As part of the contract signed between the University and the state, the University has the right to make recommendations concerning the materials and methods used to build the hospital, whereas the Department of Mental Health reserves the power to determine the use and function of the hospital’s space.
“Our expectation is that the final decision regarding use of Mental Health’s new building will meet the critical needs of everyone concerned,” said Deborah Lane, assistant vice president for University Relations, in an emailed statement.
Maddox is not so optimistic.
“It’s bad for mental health consumers because we know that through their own statistics, be it the Department of Mental Health, that the recidivism rate is over 50 percent at Bryce,” he said. “Where will our consumers go if they went into acute distress issues? Unfortunately, without a mental treatment center, we’ll find a large number end up in our homeless population, in our jails and in our court system.”
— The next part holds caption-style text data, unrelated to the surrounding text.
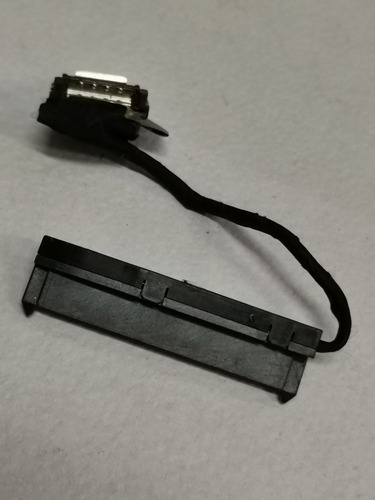 Hp Dv4 Conector Disco 1414 070t000 (Usado)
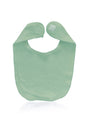 Royal Apparel 2035ORG Infant Organic Bib - Avocado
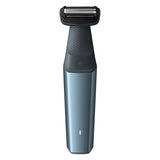 GETIT.QA- Qatar’s Best Online Shopping Website offers PHILIPS BODYGROOM SERIES 3000 BODY GROOMER, BG3027/03 at the lowest price in Qatar. Free Shipping & COD Available!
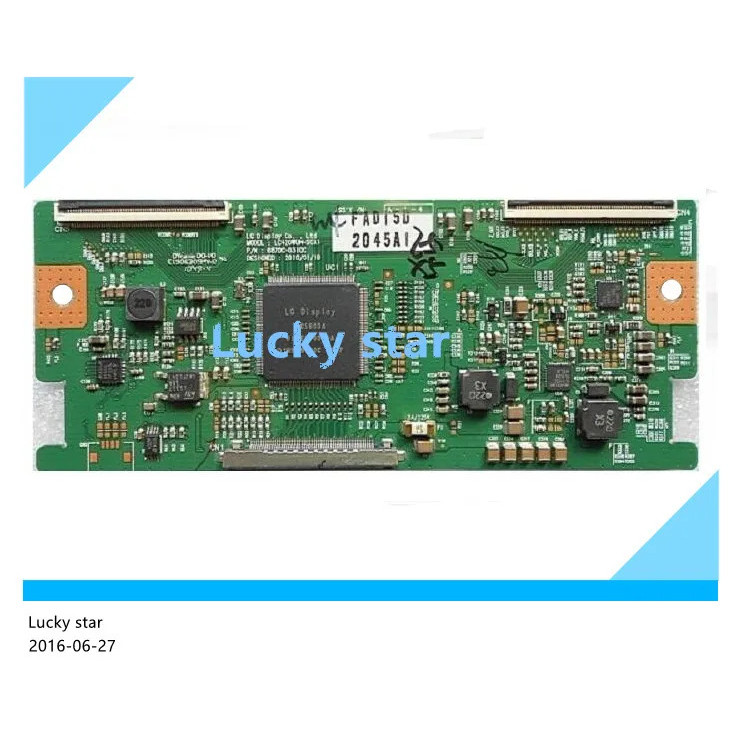 LC420WUN-SCA1 6870C-0310C ชิ้นส่วนบอร์ดตรรกะ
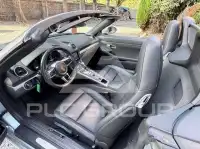 2020 Porsche 718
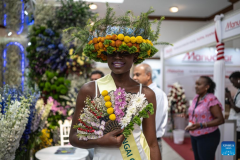 Kenya's flower exports poised to rise in 2025 amid growing demand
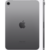 Apple iPad mini (A17 Pro) 256Gb Wi-Fi Space Grey (MXNA3LL/A)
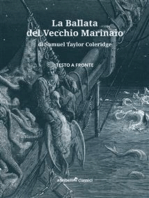 La Ballata del Vecchio Marinaio: testo a fronte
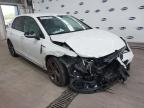 2024 VOLKSWAGEN GOLF R-LIN for sale at Copart EAST KILBRIDE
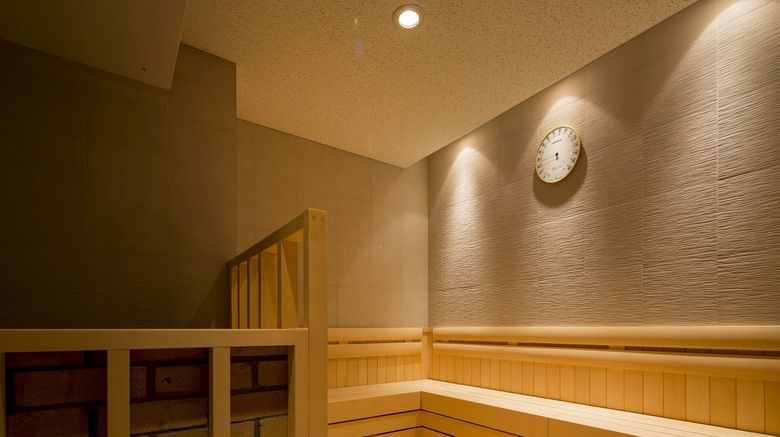 <b>Hotel Monterey Fukuoka Spa</b>. Images powered by <a href="https://www.leonardoworldwide.com/" title="Leonardo Worldwide" target="_blank">Leonardo</a>.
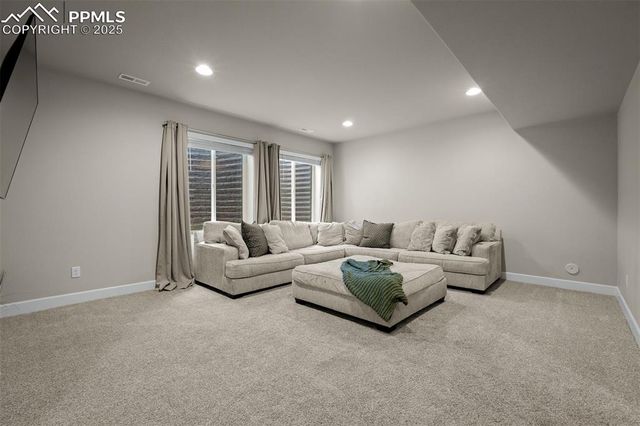 7059 Sedgerock Lane, Colorado Springs, CO 80927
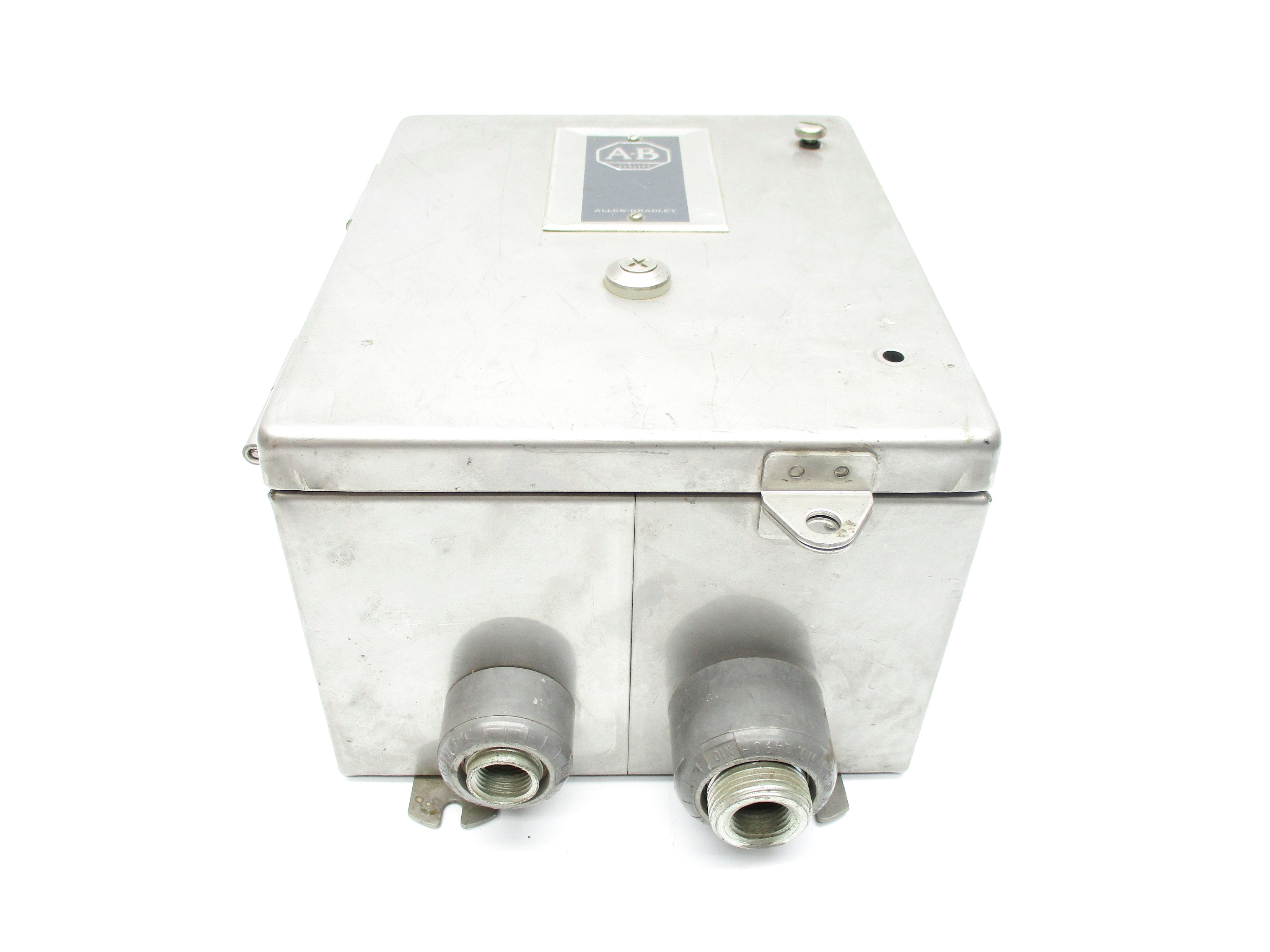 INDUSTRIAL SPARE PART 509-ACB SER. B UNMP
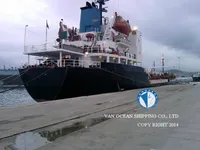 எண்ணெய் / இரசாயன டேங்கர் விற்பனைக்கு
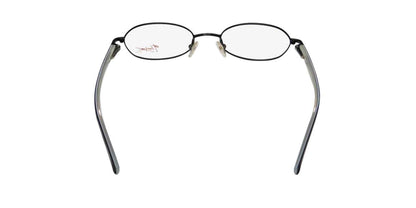 Thalia Amorosa Eyeglasses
Maddox said he speaks for the city only, and he hesitated to speculate about the University’s position on the criminally insane facility becoming adjacent to campus. He has not had a chance to discuss the issue with University President Robert Witt, but he believes the stigma of the facility will discourage businesses from investing in the area most proximate to the hospital.
That also means the Alberta community, devastated in the April storms, could suffer a financial loss.
“Their decision has set off a firestorm of opposition in the Alberta community,” he said. “You’re talking about a community that lost about 70 percent of its structures and who believed that what was going to be built on that site in their community would be the Bryce Hospital and not what’s now being proposed.
“It’s shocking what little forethought they put into this recommendation and how they were, and they are, to the impact among so many people, whether it’s the consumers, whether it’s their employees or whether it’s the community around them,” he added.
The story does not end with the patients. The state’s shift from hospital-based mental health service to community-based care, necessitated by budget cuts and four mental health facilities becoming defunct, will result in 948 mental health department employees being laid off. That number includes about 280 employees at Bryce Hospital losing their jobs when the old building passes into the University’s hands and the new psychiatric hospital opens.
But, as always, money takes precedence.
“Ask yourself this question: ‘How do 270 mental health consumers on Tuesday need temporary treatment in an institutional setting and then on Wednesday, they’re ready to go out the door?’” Maddox said. “We would never drive our decisions about cancer, heart disease or Parkinson’s disease based on the budgetary number, but we’re willing to risk the mental health of hundreds, if not thousands, of people based on a budget decision?
“To me, it’s a very sad day in Alabama.”